DESIGN OF AVIONICS AND CONTROLLERS FOR AUTONOMOUS TAKEOFF, HOVER AND LANDING OF A MINI-TANDEM HELICOPTER

Abstract

Robotics autonomy is an active research area these days and promises very useful applications. A lot of research has been carried out on Vertical Takeoff and Landing (VTOL) vehicles especially single rotor small scale helicopters. This thesis focuses on a small scale twin rotor helicopter. These helicopters are more useful because of their power efficiency, scalability, long range of center of gravity, shorter blades and most importantly their "all lift" feature. By "all lift" we mean that unlike single rotor helicopters where tail rotor's power is wasted just to cancel the torque of the main rotor both of its rotors are used for generating lift. This makes twin rotors ideal for lifting heavy weights.
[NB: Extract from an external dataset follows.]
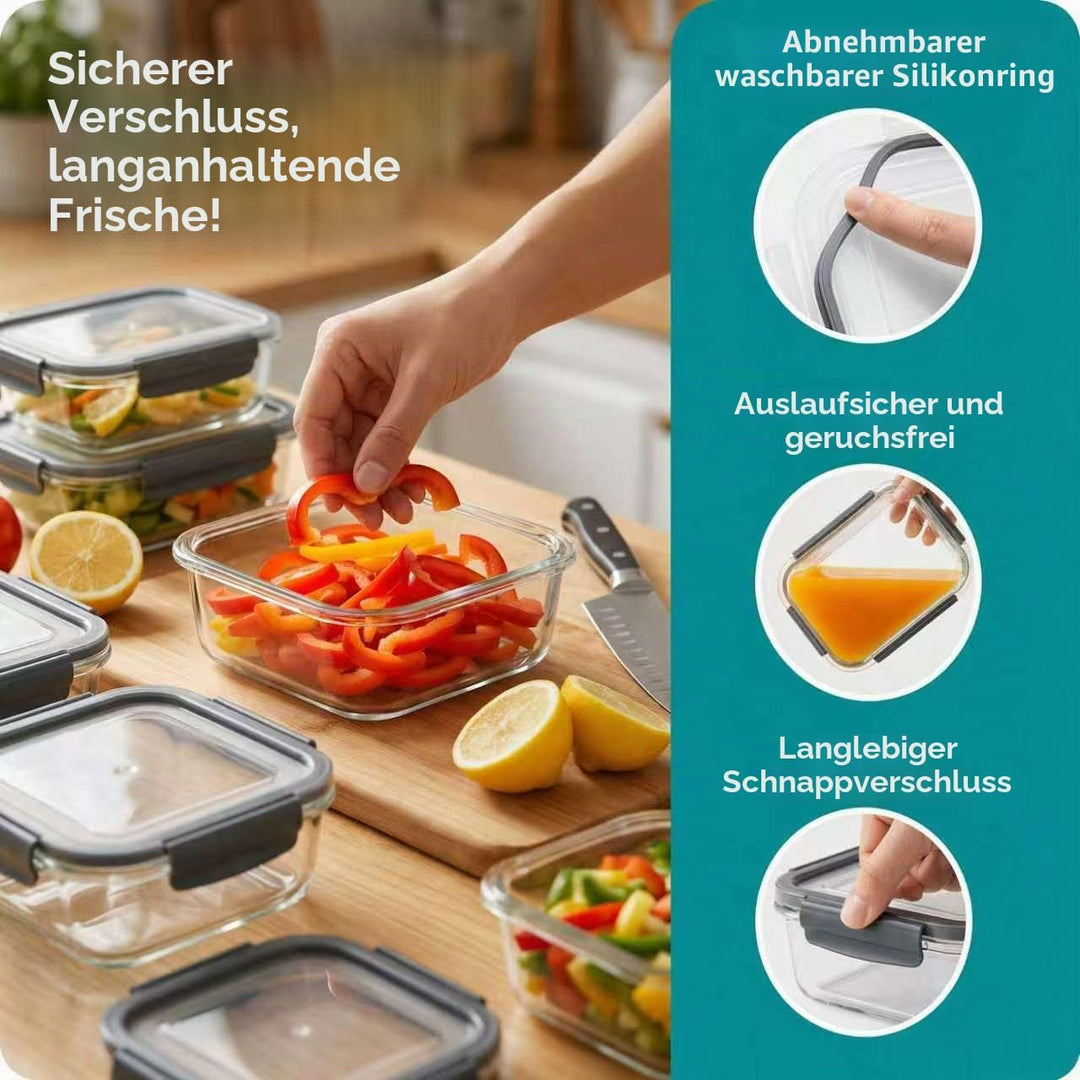 Glas Frischhaltedosen Set &amp; Meal Prep Boxen, 5x370ml Borosilikatglas Behälter mit BPA-freiem Deckel,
This thesis considers avionics systems and the controllers development for a twin rotor. It involves electronic component selection and integration, software development, system identification and design of zero rate compensators. The compensators designed are responsible for autonomous take-off, hover and landing of this unmanned aerial vehicle (UAV). Both time and frequency domain system identification approaches were evaluated and a selection was made based on hardware limitations. A systematic approach is developed to demonstrate that a rapid prototyping UAV can be designed from cheap off-the-shelf components that are readily available and functionally compatible. At the end some modifications to existing mechanical structure are proposed for more robust outdoor hovering.